La mia mattinata è cominciata nel migliore dei modi. Ho frantumato in mille pezzi una delle mie tazze preferite, una ciotolina blu oceanico che ospita sempre il mio yogurt con il miele. Schegge di vetro ovunque, io che cerco di raccoglierle con la scopa prima che il gatto le mangi. Finisco questa operazione e torno a rigirare i miei fiocchi d’avena sul fornello, accorgendomi solo dopo che dal palmo della mia mano sgorga un fiotto di sangue che sembra inarrestabile. Sospiro e cammino velocemente in bagno per tamponare la ferita con un pezzetto di carta igienica, ma mentre abbasso lo sguardo per strapparne un velo, noto che anche le mie gambe stanno sanguinando, le caviglie, i piedi. Insomma, un macello, sembravo uscita dal film Carrie – Lo sguardo di Satana:

Dato questo inizio scoppiettante, non mi sono stupita quando ho captato, nel tragitto in bus che mi riportava a casa dai miei impegni di cat-sitter, una classica conversazione fra due stronze razziste.
No, non c’è un altro modo di definirle. Se ne stavano sedute in due sedili abbastanza distanti fra loro, una di fronte all’altra, parlando ad un tono di voce abbastanza sostenuto perchè tutti le sentissero chiaramente.
La stronza razzista più anziana scuoteva la testa con disappunto, con quel modo tipico che sta ad intendere: “Lo so io come funziona il mondo, la vita, lo Stato, tutto“, mentre la più giovane esordiva con le solite solfe, trite e ritrite. La sua collega appena assunta, del Marocco, gira con le borse firmate ed i vestiti di marca. La vuole far credere a tutti, soprattutto a lei, fiera italiana DOC nata e cresciuta su suolo peninsulare italico. Addirittura porta il velo, questa sciagurata africana, come si può sopportare, in un ufficio? Non è professionale. E tutti quelli che arrivano, che sbarcano, che travalicano i nostri sacrosanti confini? Scappano dalla guerra ma hanno tutti il cellulare, vero? Ah, ma non ce la danno mica a bere. Noi lo sappiamo, cosa vogliono, venire qua a non far niente, a poltrire, a mangiare il nostro cibo e sperperare i nostri soldi!

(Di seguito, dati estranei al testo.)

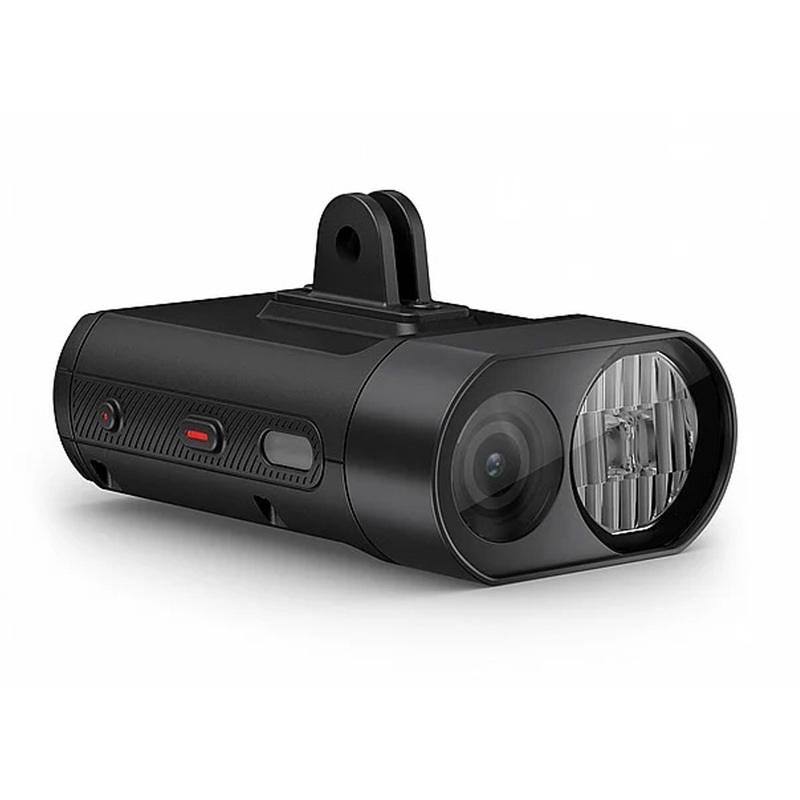 Garmin Varia Vue Headlight Camera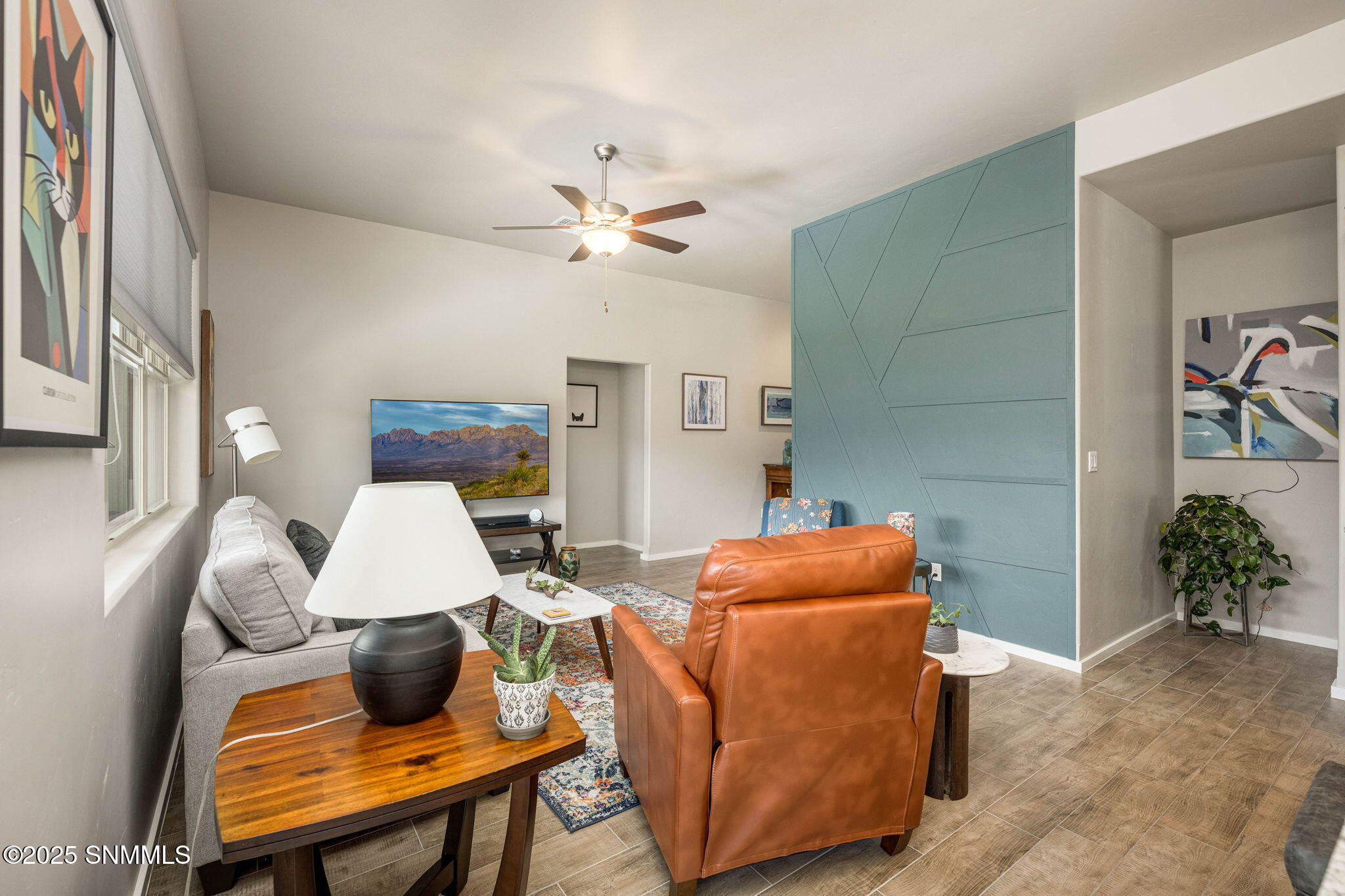 3735 Evening Light Court, Las Cruces, New Mexico image 9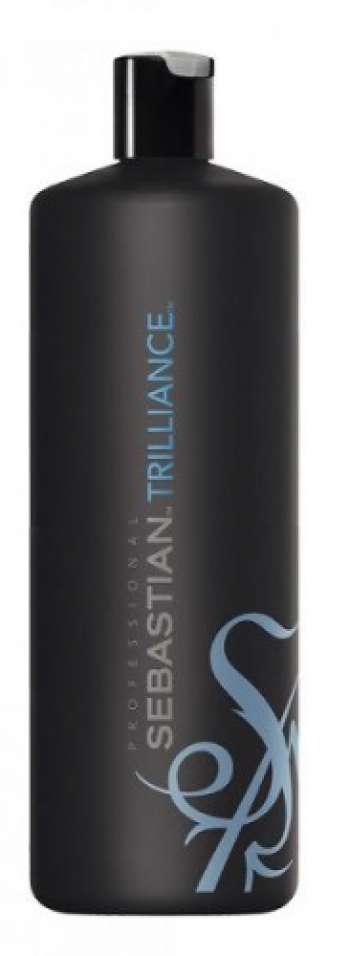 Sebastian Professional Trilliance Shine Shampoo 1000ml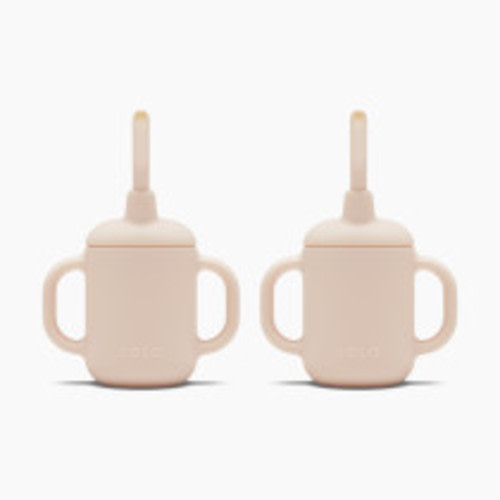 Lalo Little Cup - Grapefruit, 2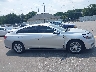 1G1ZE5ST8HF****** Used 2017 Chevrolet Malibu in Georgia State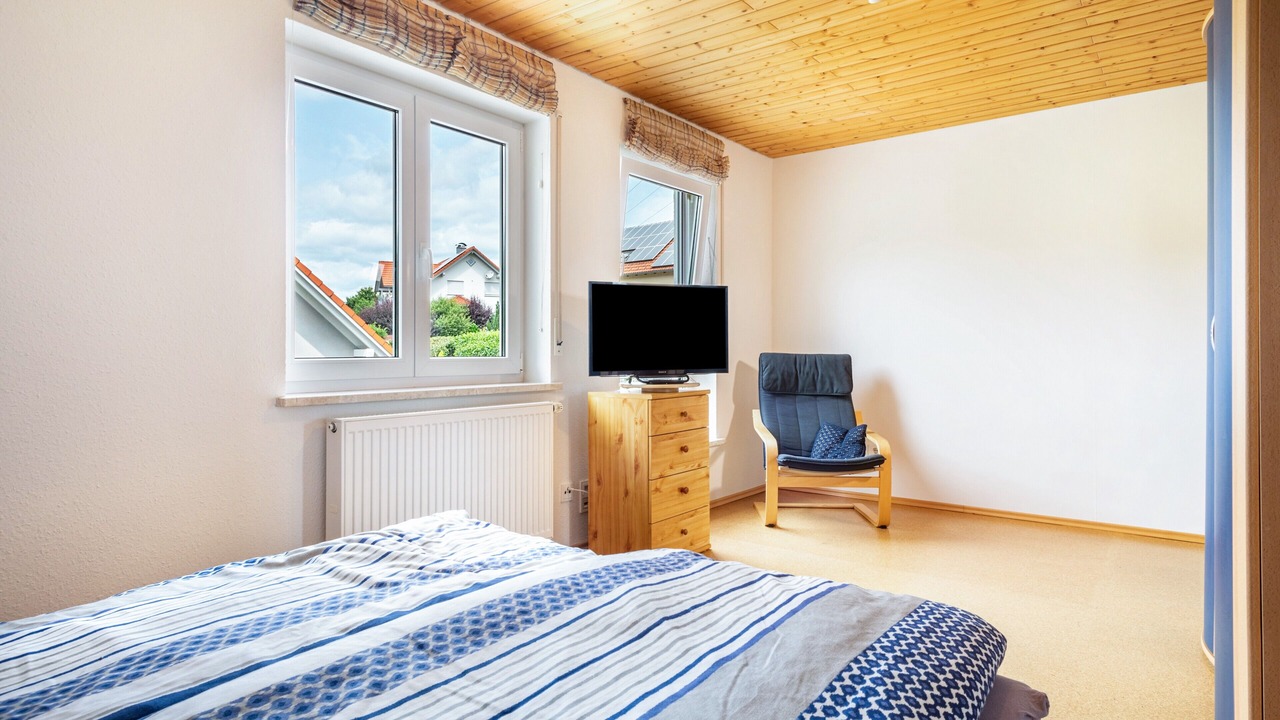 Photo of Bedroom in Neukirch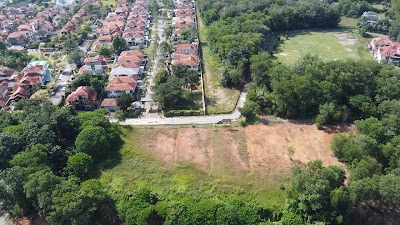 5 Lot Banglo Tanah Rata Country Heights Kajang — foto 5/9
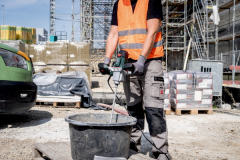 Rührwerk METABO RWEV 1600-2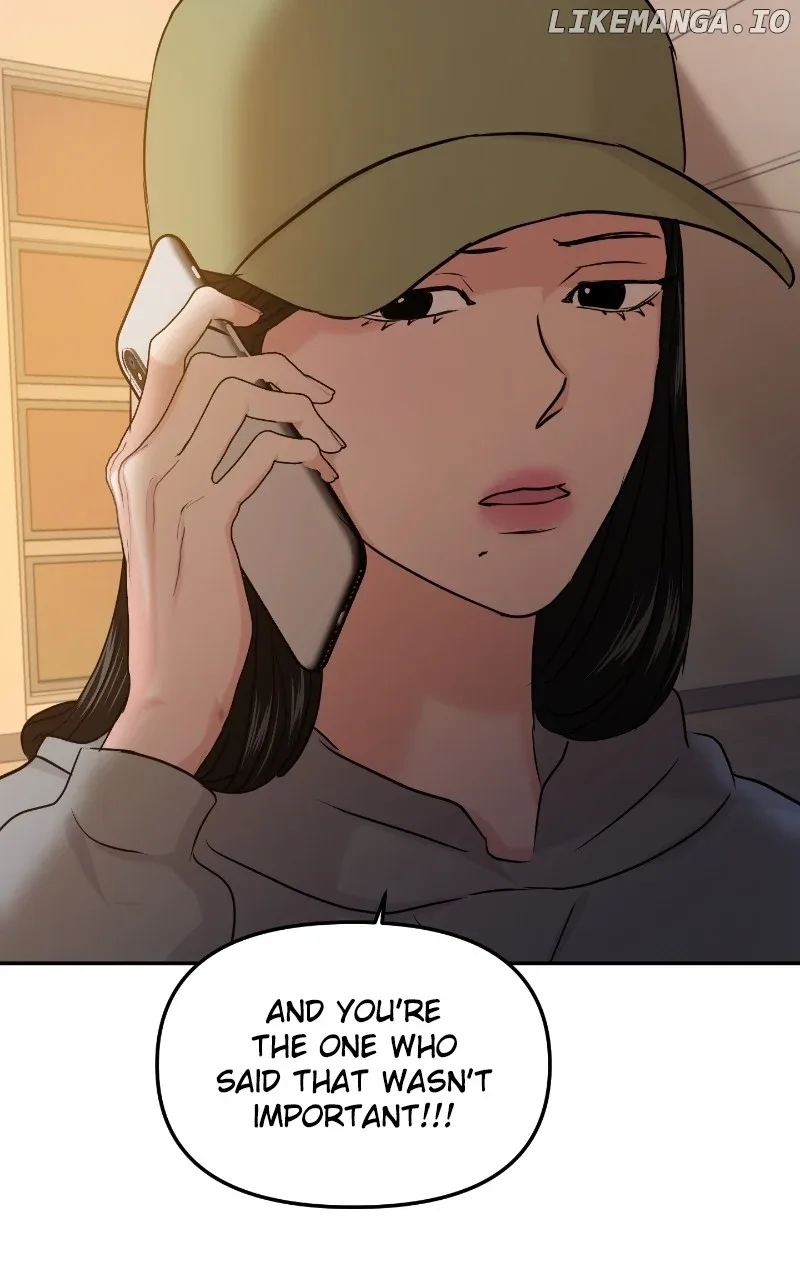 A Campus Romance, I Guess Chapter 33 page 67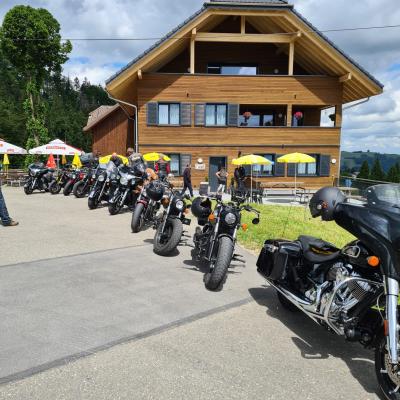 Kafihalt Im Bergbeizli7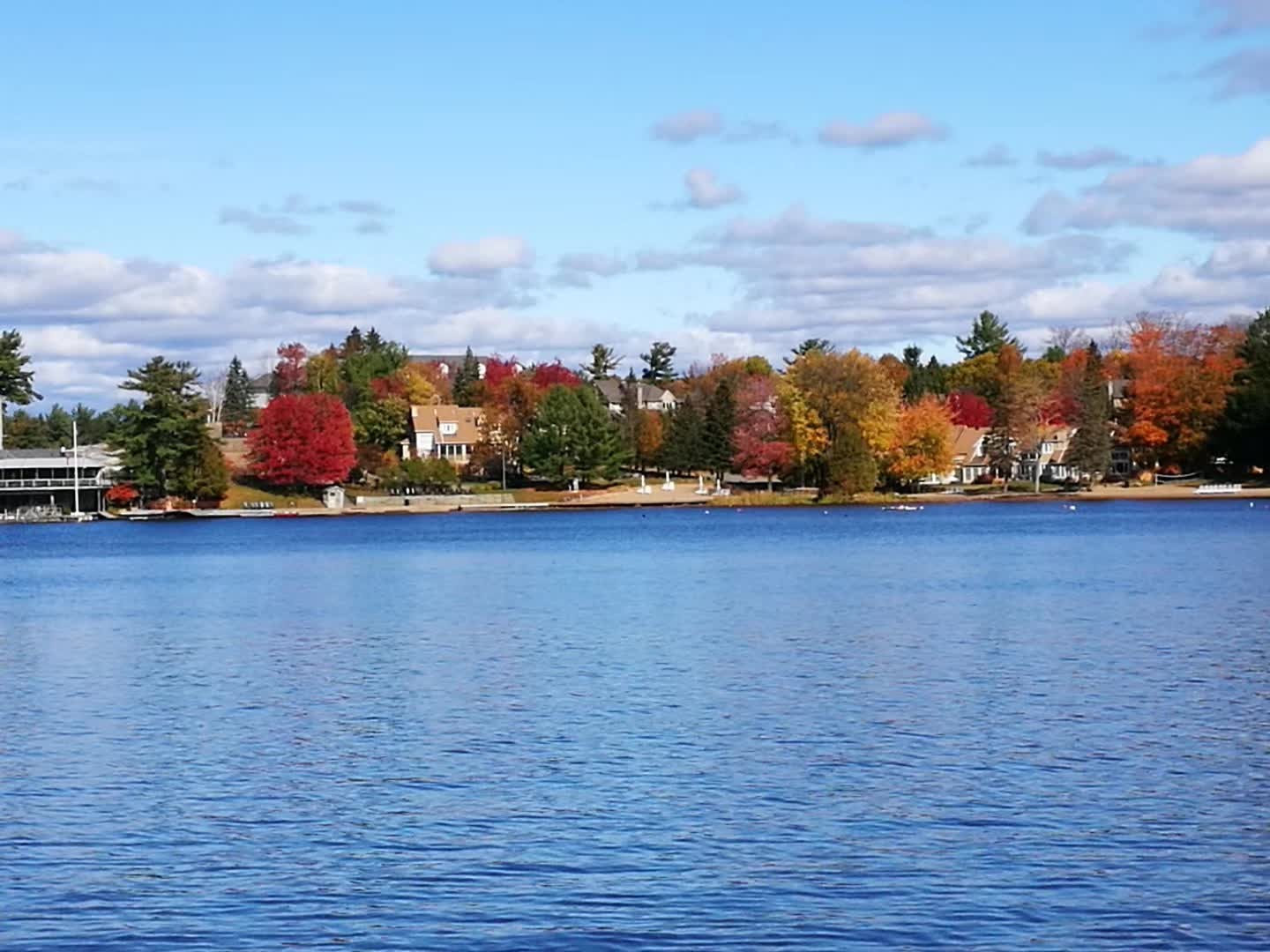 Muskoka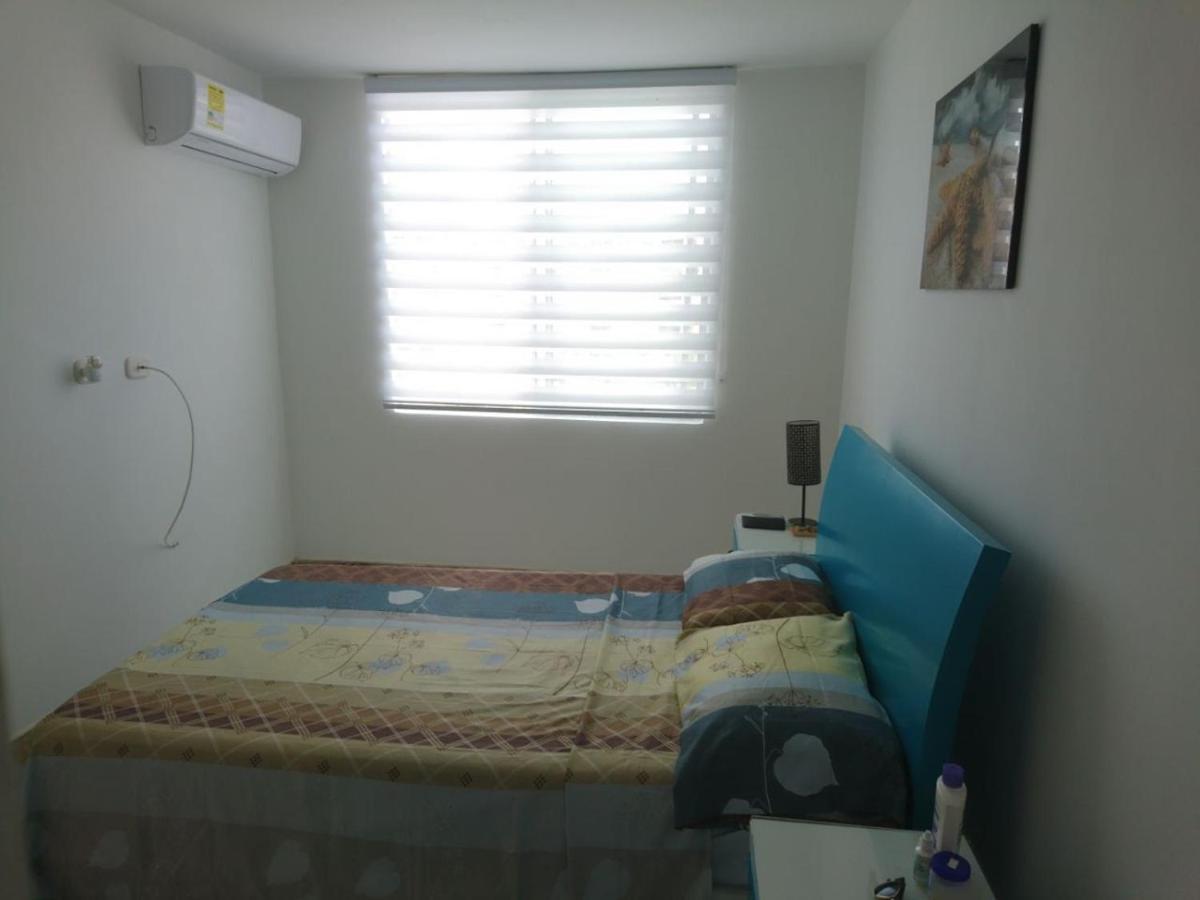 Penalisakaposalsar Apartment Girardot Exterior foto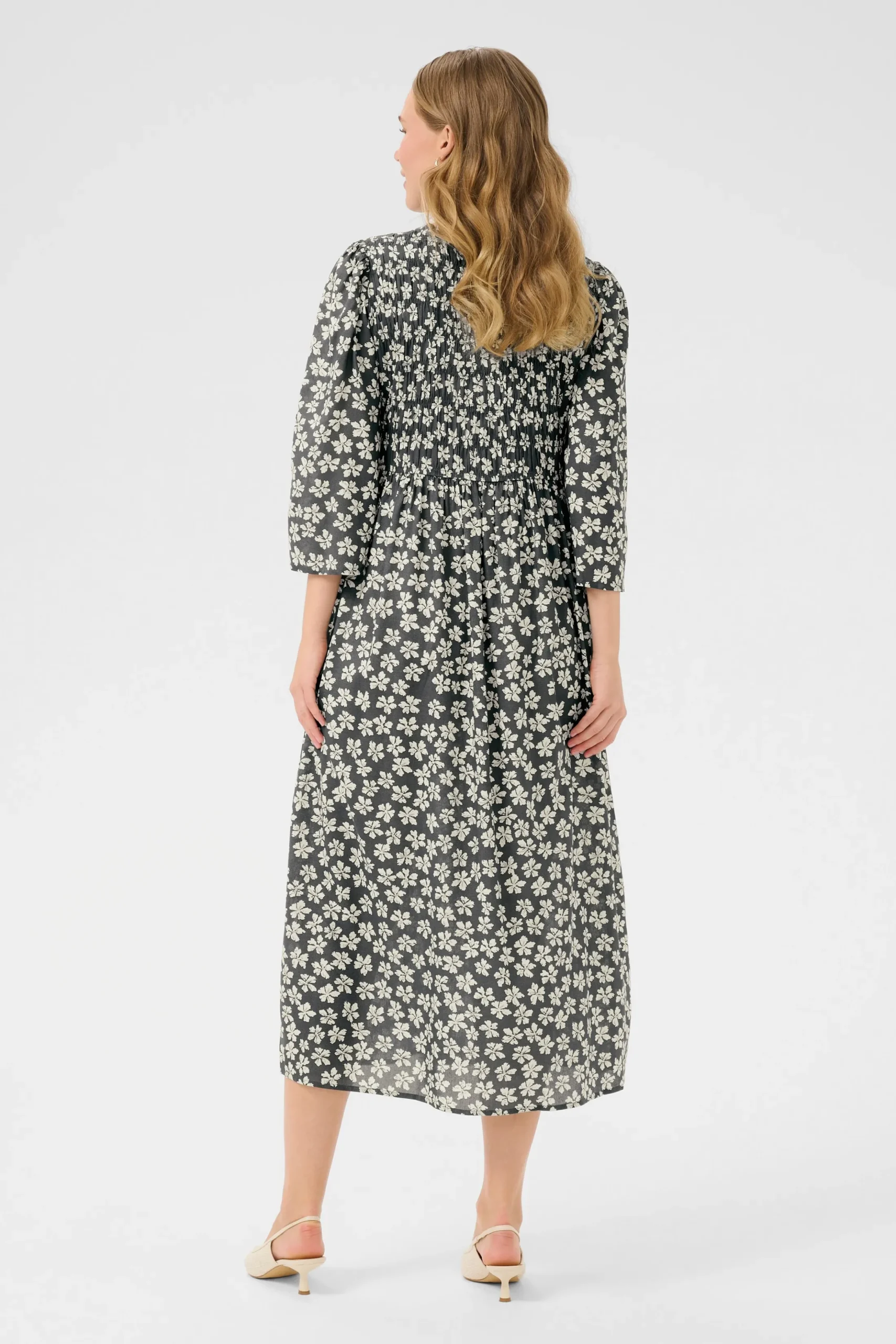 BPviolet Dress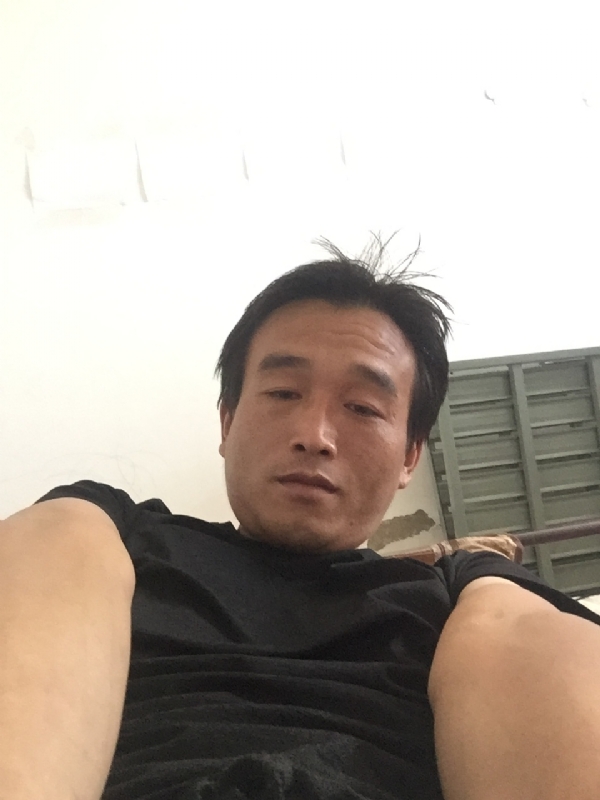 一生为你的第一张照片--闽清相亲网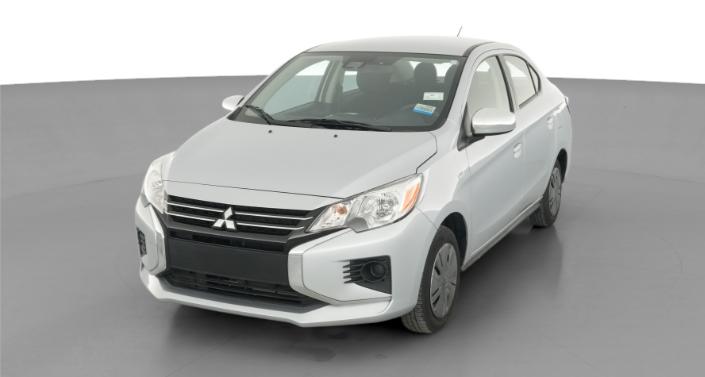 Thumbnail: 2024 Mitsubishi Mirage G4 - 1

Ora io mi chiedo: se tu dovessi intraprendere un viaggio pericolosissimo, da solo, che sai potrebbe durare addirittura anni, verso un luogo che non conosci e che non sai se ti accoglierà affidando la tua vita nelle mani di violenti sfruttatori che forse ti faranno la grazia di portarti in quel luogo (o forse no, dipende, magari finisci in un campo di tortura in Libia, ma che vuoi che ti dica, è il brivido dell’avventura) non ti porteresti dietro qualcosa per comunicare? Un magico attrezzo che ti permetta di non rimanere completamente isolato, in balia della tua già sfortunata sorte?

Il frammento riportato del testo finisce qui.